Question

Light from a point source in air falls on a spherical glass surface (refractive index, \( \mu = 1.5 \) and radius of curvature \( R = 50 \) cm). The image is formed at a distance of 200 cm from the glass surface inside the glass. The magnitude of distance of the light source from the glass surface is 1cm.

Hint:

Apply the formula for refraction at a spherical surface, \( \frac{\mu_2}{v} - \frac{\mu_1}{u} = \frac{\mu_2 - \mu_1}{R} \). Be careful with the sign conventions for \( u \), \( v \), and \( R \). For a convex surface, \( R \) is positive when light goes from a rarer to a denser medium. Real objects have negative \( u \), and real images formed on the opposite side of the refracting surface have positive \( v \). Ensure consistent units throughout the calculation and convert the final answer to the required unit.

Answer 1

Correct Answer: 4

We will use the formula for refraction at a spherical surface: \[ \frac{\mu_2}{v} - \frac{\mu_1}{u} = \frac{\mu_2 - \mu_1}{R} \] where: \( \mu_1 \) is the refractive index of the first medium (air) = 1 
\( \mu_2 \) is the refractive index of the second medium (glass) = 1.5 
\( u \) is the object distance from the spherical surface (to be found) 
\( v \) is the image distance from the spherical surface = 200 cm (positive as the image is formed in the second medium) 
\( R \) is the radius of curvature of the spherical surface = +50 cm (positive as the surface is convex to the incident light) 
Substituting the given values into the formula: \[ \frac{1.5}{200} - \frac{1}{u} = \frac{1.5 - 1}{50} \] \[ \frac{1.5}{200} - \frac{1}{u} = \frac{0.5}{50} \] \[ \frac{1.5}{200} - \frac{1}{u} = \frac{1}{100} \] \[ \frac{3}{400} - \frac{1}{u} = \frac{1}{100} \] \[ \frac{1}{u} = \frac{3}{400} - \frac{1}{100} = \frac{3}{400} - \frac{4}{400} = -\frac{1}{400} \] \[ u = -400 \, \text{cm} \] The negative sign indicates that the object is real and located on the side from which the light is incident. 
The magnitude of the distance of the light source from the glass surface is \( |u| = 400 \, \text{cm} \). 
To convert this distance to meters, we divide by 100: \[ |u| = \frac{400}{100} \, \text{m} = 4 \, \text{m} \]

Answer 2

The problem asks for the distance of a point light source from a spherical glass surface, given the refractive index of the glass, its radius of curvature, and the position where the image is formed inside the glass.

Concept Used:

The relationship between the object distance (\(u\)), image distance (\(v\)), refractive indices of the two media (\(n_1\) and \(n_2\)), and the radius of curvature (\(R\)) for refraction at a single spherical surface is given by the formula:

\[ \frac{n_2}{v} - \frac{n_1}{u} = \frac{n_2 - n_1}{R} \]
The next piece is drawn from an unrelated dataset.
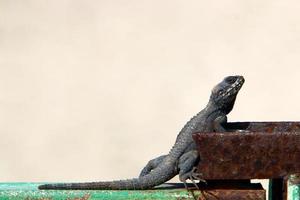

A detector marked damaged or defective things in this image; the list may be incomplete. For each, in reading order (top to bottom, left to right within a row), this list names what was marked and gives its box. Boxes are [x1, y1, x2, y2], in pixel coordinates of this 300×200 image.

rusted metal plate [192, 122, 300, 180]
rusty metal surface [193, 122, 300, 180]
We will use the Cartesian sign convention, where the pole of the spherical surface is the origin. Distances measured in the direction of the incident light are taken as positive, and those measured against it are negative.

Step-by-Step Solution:

Step 1: List the given values according to the sign convention. Light travels from air (medium 1) to glass (medium 2).

• Refractive index of air, \(n_1 = 1\)
• Refractive index of glass, \(n_2 = \mu = 1.5\)
• Radius of curvature, \(R = +50\) cm (The surface is convex towards the object, so R is positive).
• Image distance, \(v = +200\) cm (The image is formed inside the glass, which is in the direction of light, so v is positive).
• Object distance, \(u = ?\)

Step 2: Substitute the known values into the refraction formula.
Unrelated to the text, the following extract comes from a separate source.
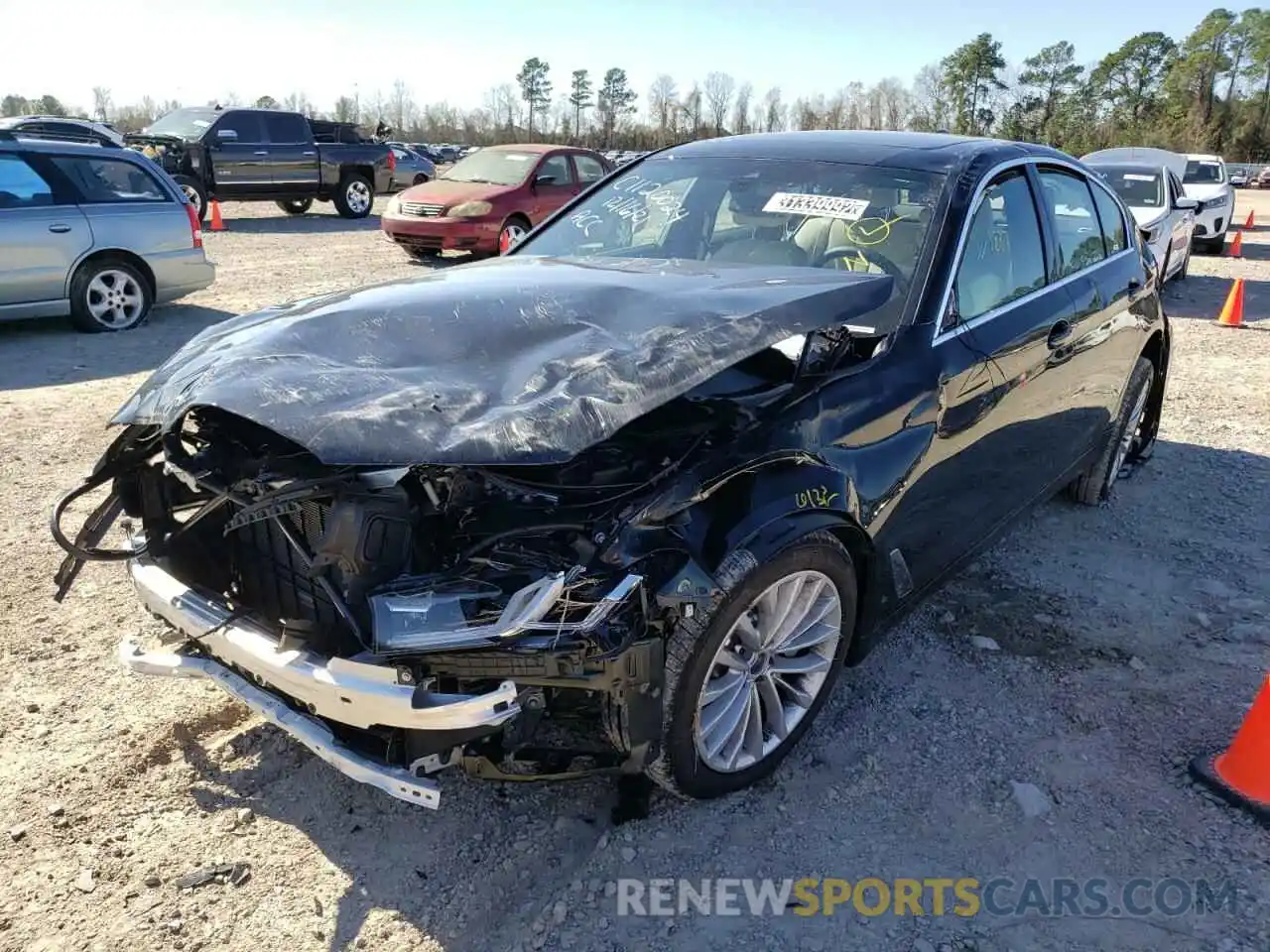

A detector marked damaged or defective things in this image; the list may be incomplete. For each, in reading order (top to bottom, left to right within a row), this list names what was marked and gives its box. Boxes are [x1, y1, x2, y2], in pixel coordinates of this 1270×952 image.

crushed hood [116, 255, 894, 467]
damaged black bmw sedan [57, 130, 1168, 807]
\[ \frac{1.5}{+200} - \frac{1}{u} = \frac{1.5 - 1}{+50} \]

Step 3: Simplify the right-hand side of the equation.

\[ \frac{1.5 - 1}{50} = \frac{0.5}{50} = \frac{1}{100} \]

Step 4: The equation now becomes:

\[ \frac{1.5}{200} - \frac{1}{u} = \frac{1}{100} \]

Step 5: Isolate the term containing \(u\).

\[ \frac{1}{u} = \frac{1.5}{200} - \frac{1}{100} \]

Step 6: Find a common denominator to solve for \(\frac{1}{u}\).

\[ \frac{1}{u} = \frac{1.5}{200} - \frac{2}{200} \] \[ \frac{1}{u} = \frac{1.5 - 2}{200} = \frac{-0.5}{200} \]

Step 7: Simplify the fraction and solve for \(u\).

\[ \frac{1}{u} = -\frac{0.5}{200} = -\frac{1}{400} \] \[ u = -400 \text{ cm} \]

The negative sign confirms that the object is located in front of the refracting surface, in the first medium (air). The magnitude of the distance is 400 cm.

Step 8: Convert the magnitude of the distance from centimeters to meters as required by the question.

\[ \text{Distance} = 400 \text{ cm} = \frac{400}{100} \text{ m} = 4 \text{ m} \]

The magnitude of the distance of the light source from the glass surface is 4 m.